With abundant Twitter images, organisational Facebook pages and plentiful jerky snatches of camera-phone footage, the Egyptian upheavals of 2011 and 2013 have rightly been described as the first social media revolutions. And in many ways, to watch them unfold in real-time on phones and laptops was to feel vaguely omniscient. So it seems something of a contradictory risk to take this viewpoint — a sweeping digital panorama — and shrink it right down to just the cramped interior of an armoured police truck. Happily, it’s a creative gamble that pays off wonderfully in this bruising, innovative breakthrough from Egyptian writer-director Mohamed Diab.
A minor masterpiece of claustrophobia and expertly managed tension.
The central pitch is instantly seductive. We open in the gloom of that mobile prison cell (a location that the camera will mostly be confined to for the film’s 98-minute running time) and establishing text informs us that this is an unspecific day in June 2013, when supporters of the pro-regime Muslim Brotherhood and those in favour of the coup-launching military clashed all over Egypt. In the violent confusion, a pair of American-Egyptian journalists are hurled unceremoniously into the truck. Next, others are tossed in too — Muslim Brotherhood loyalists, their bitter army-backing rivals, fearful families, old men caught up in the mêlée — and from there on in Clash becomes a tale of survival in a stifling space where fresh air is in as short supply as ideological understanding.

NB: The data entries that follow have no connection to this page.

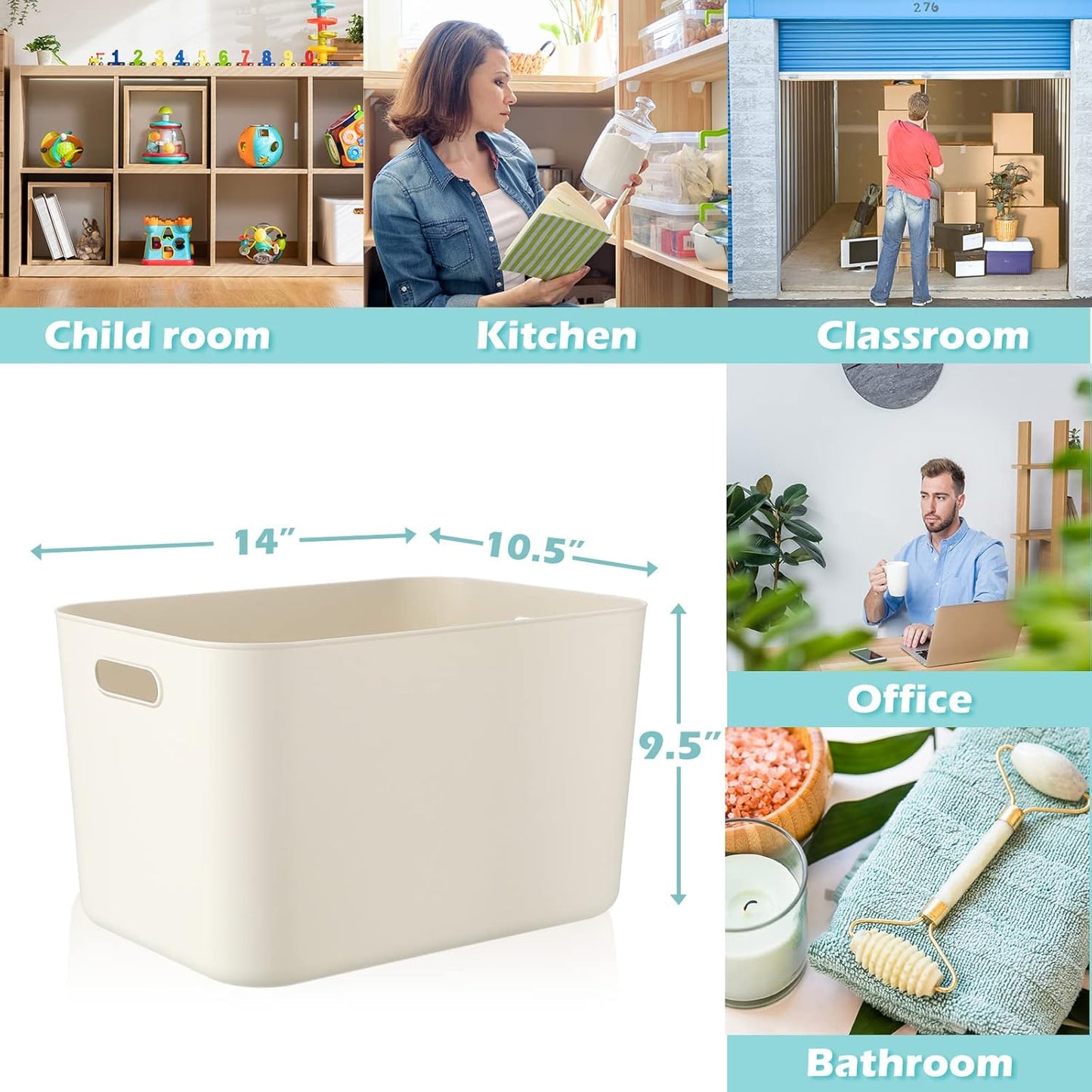 Zopeal Plastic Storage Bins 10 Pcs White Pantry Organizer Bins Small Baskets Storage Containers for Home Kitchen (14 x 10.5 x 9.5 Inch)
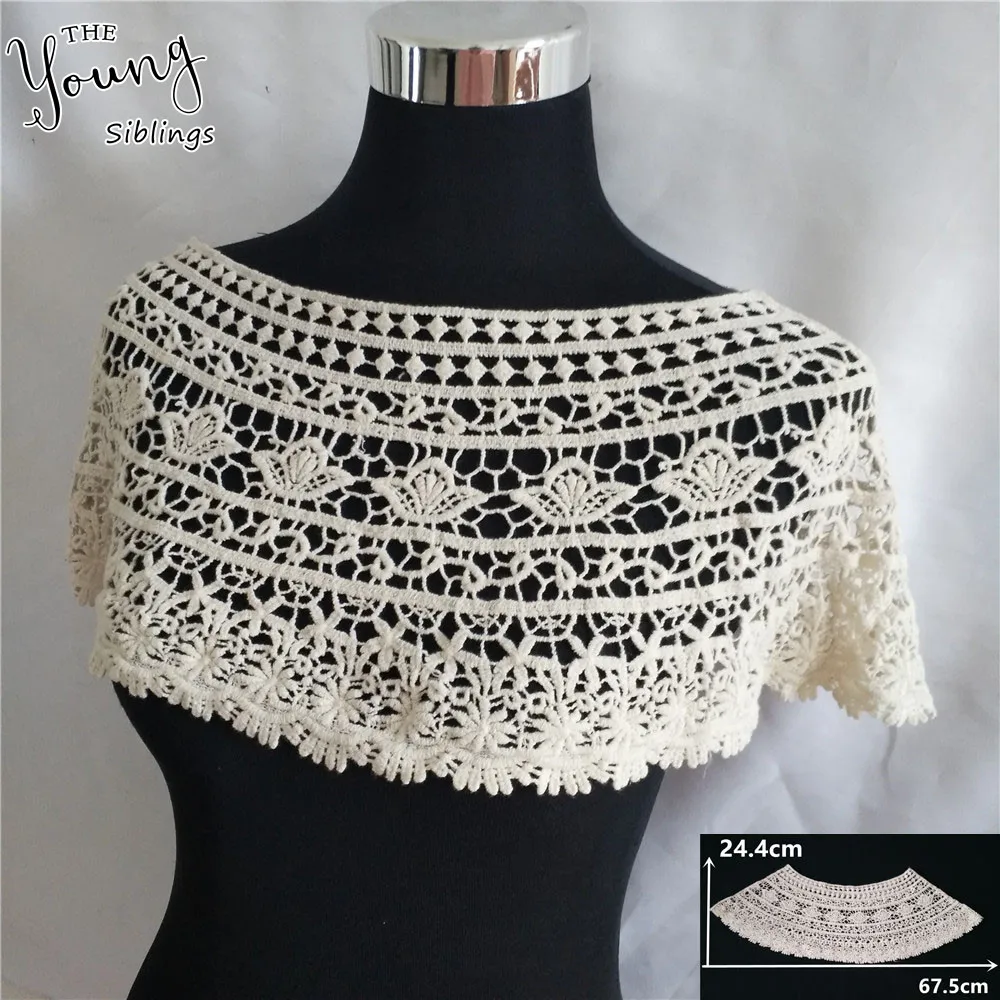 

New arrive Knitted Lace Collar Hollowed-Out Neck Jacket Strapless Condole Shawl DIY Embroidered Hollow Lace Neckline Accessory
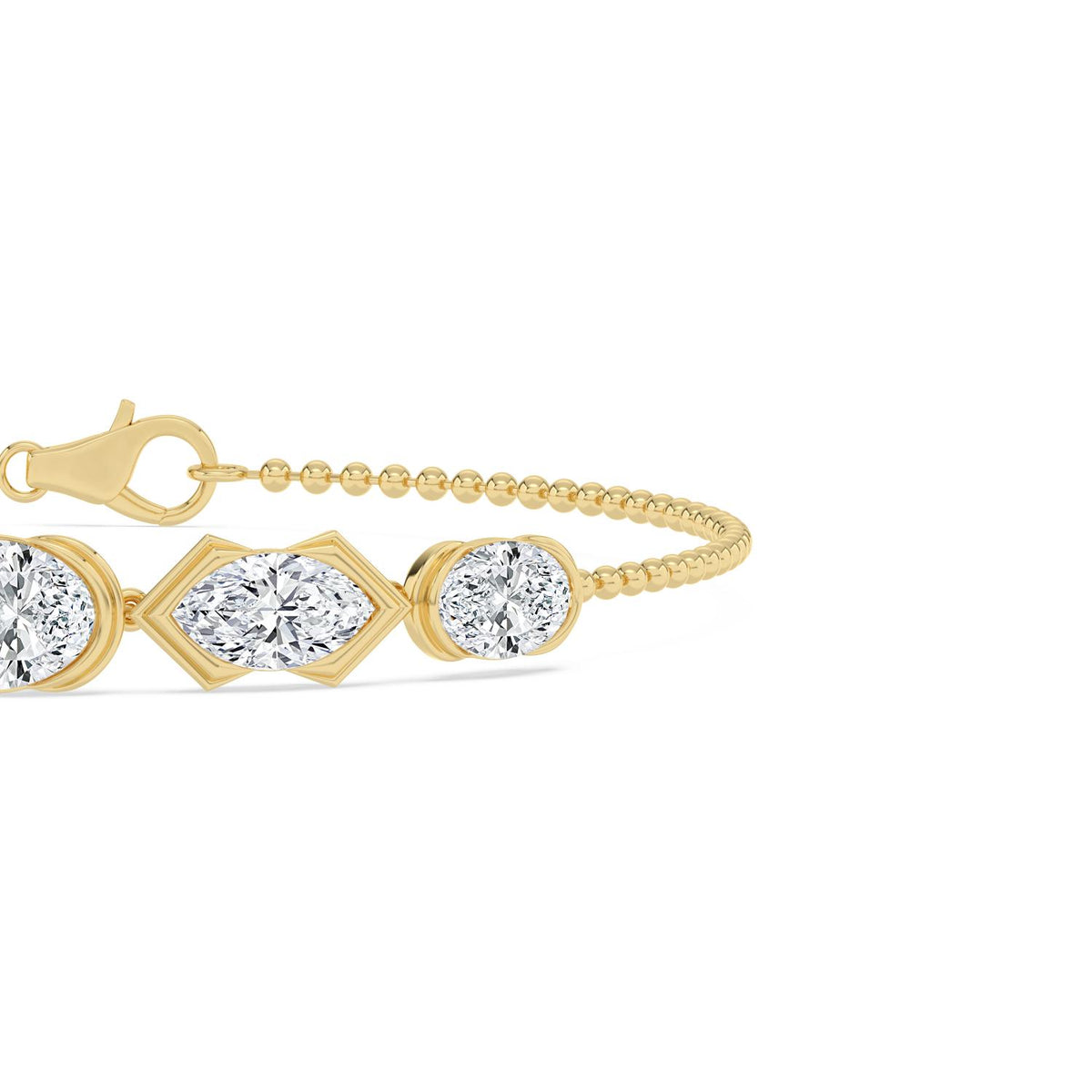 Marina mixed shape five-stone chain lab grown diamond bracelet in yellow gold - view 5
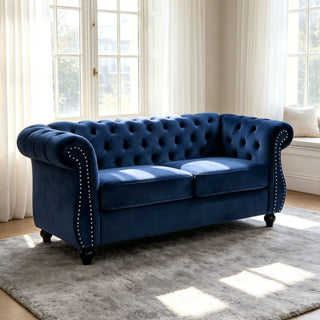 Chesterfield Button Tufted Loveseat With Rolled Arms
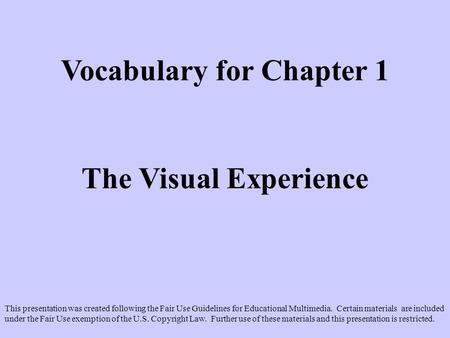 Vocabulary for Chapter 1
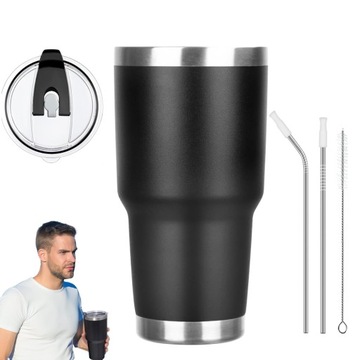 Kubek do kawy na wynos Czarny KUBEK TERMICZNY NA KAWĘ herbatę MAŁY TERMOS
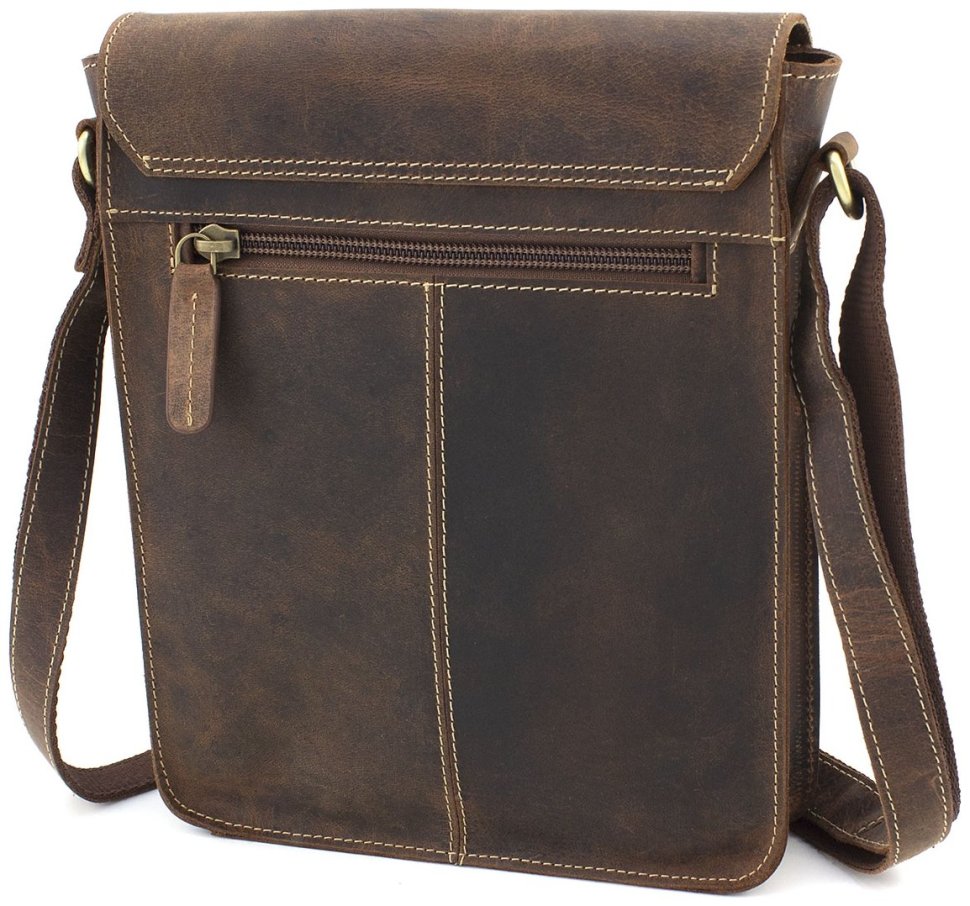 Коричневая мужская сумка через плечо из винтажной кожи Visconti Skyler 69226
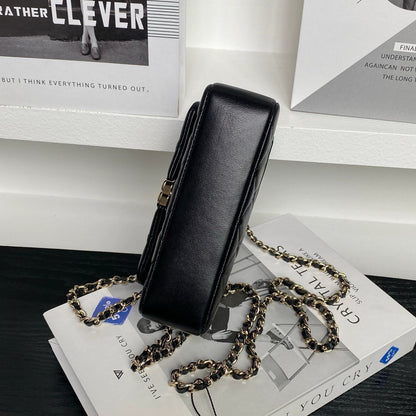 mini black lambskin chain bag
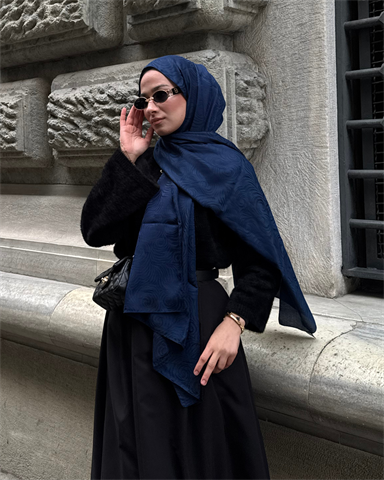 Lacivert Revan Desen Jakar Şal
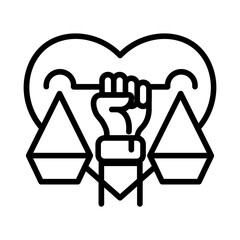 love justice illustration for coloring page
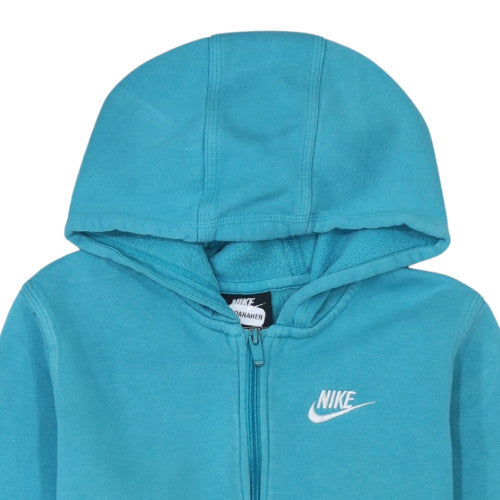 Nike Girls Blue Full Zip Hoodie L 147-158cm Fleece Sweatshirt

Where are they being taken? Will the equally confused riot cops release any of them? Can they stop tensions in the truck from spilling over? What happens when someone needs the toilet? These plot-driving questions are all skilfully (and playfully) answered by Diab as the truck trundles on. And, when the moments of thriller-ish action outside the truck do inevitably arrive, he uses the film’s stylistic conceit to his advantage. With shades of Alfonso Cuarón’s Children Of Men, the camera moves amid panicking bodies, peeping through the barred windows for long takes as bullets fly, blood is spilled and the anarchic confusion is slowly ratcheted up.
What’s more, what initially looks like a politically flavoured chamber piece soon morphs into an effectively damning satire. Despite the heavy subject matter, Diab routinely deploys all-out comic absurdity (“No, it’s forbidden to be touched by a woman,” says a bleeding Muslim Brotherhood detainee as a fellow captive who happens to be a nurse offers him treatment)
to present the truck as a microcosm of Egypt and, in a wider sense, the world. Some of these sitcom flourishes and nakedly allegorical touches may be a bit much for some, but you’re never very far from a sharp dose of authentically grisly reality. And while the pace sags somewhat around the hour mark, it doesn’t detract from a powerful finale and a lasting message about tolerance, humanity and the corrupting forces of chaos and paranoia.